-- Work task --
Your answer must be the full listing, reproduced exactly.

-- Records --
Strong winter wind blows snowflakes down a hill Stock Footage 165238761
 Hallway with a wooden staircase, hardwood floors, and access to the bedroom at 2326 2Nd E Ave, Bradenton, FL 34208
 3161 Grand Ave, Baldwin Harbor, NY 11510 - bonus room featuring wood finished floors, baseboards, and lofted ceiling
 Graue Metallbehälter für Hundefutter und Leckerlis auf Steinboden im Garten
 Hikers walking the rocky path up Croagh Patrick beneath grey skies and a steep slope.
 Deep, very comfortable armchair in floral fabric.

-- Response --
Strong winter wind blows snowflakes down a hill Stock Footage 165238761
 Hallway with a wooden staircase, hardwood floors, and access to the bedroom at 2326 2Nd E Ave, Bradenton, FL 34208
 3161 Grand Ave, Baldwin Harbor, NY 11510 - bonus room featuring wood finished floors, baseboards, and lofted ceiling
 Graue Metallbehälter für Hundefutter und Leckerlis auf Steinboden im Garten
 Hikers walking the rocky path up Croagh Patrick beneath grey skies and a steep slope.
 Deep, very comfortable armchair in floral fabric.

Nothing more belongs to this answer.